[Directions for this task]:
Starting at the line that contains "붉은 하락세가 표시된 시황판", transcribe each line exactly through the end of the data below, and skip any pictures.

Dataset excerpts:
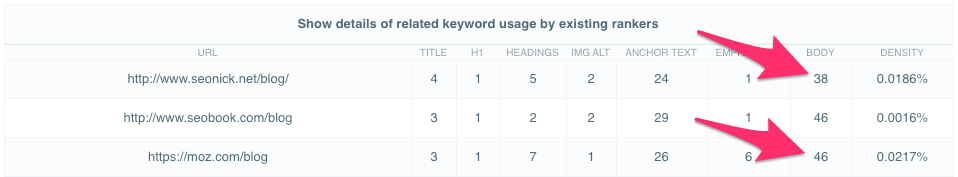 Use of keywords in body text for Moz and SEONick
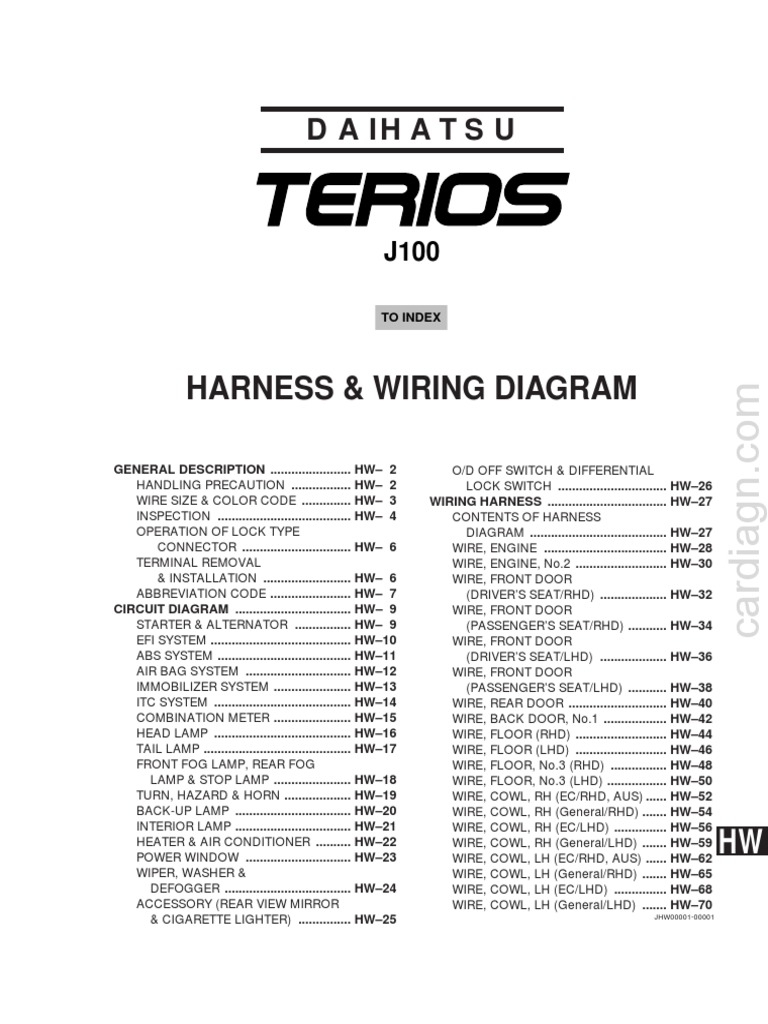 Daihatsu Wiring and ECU Diagrams PDF Electrical Connector Fuse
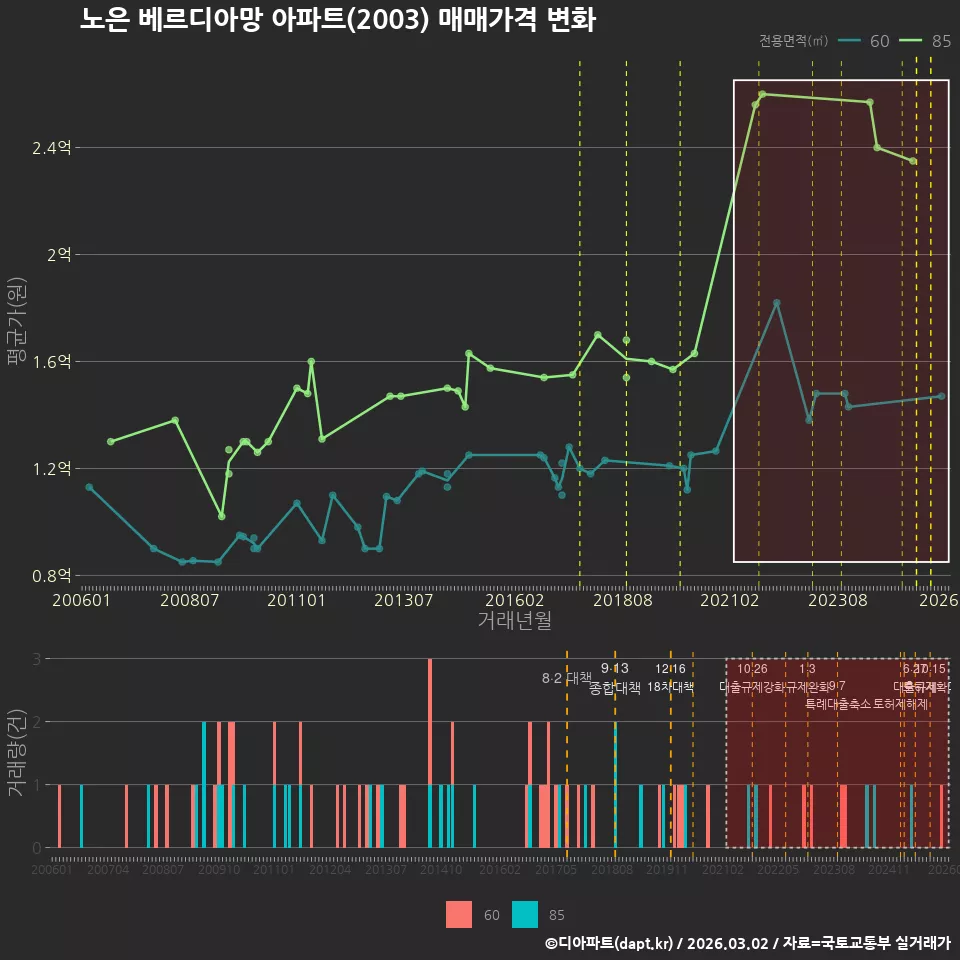 노은 베르디아망 아파트(2003) 매매가격 변화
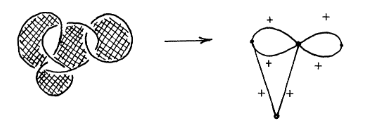 The three types of Reidemeister move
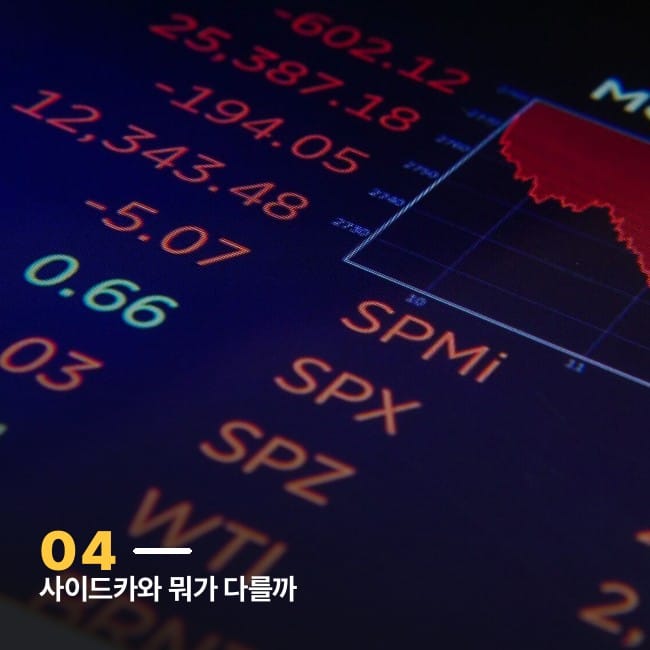 붉은 하락세가 표시된 시황판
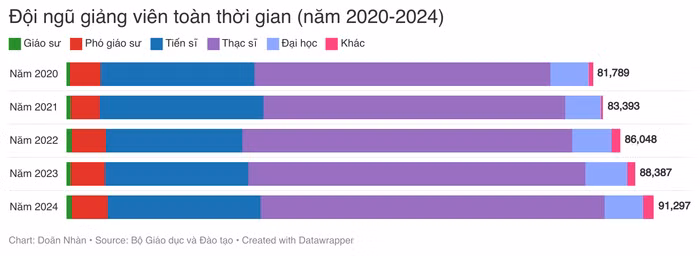 cMorY--i-ng-gi-ng-vi-n-to-n-th-i-gian-n-m-2020-2024-.png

[Final answer]:
 붉은 하락세가 표시된 시황판
 cMorY--i-ng-gi-ng-vi-n-to-n-th-i-gian-n-m-2020-2024-.png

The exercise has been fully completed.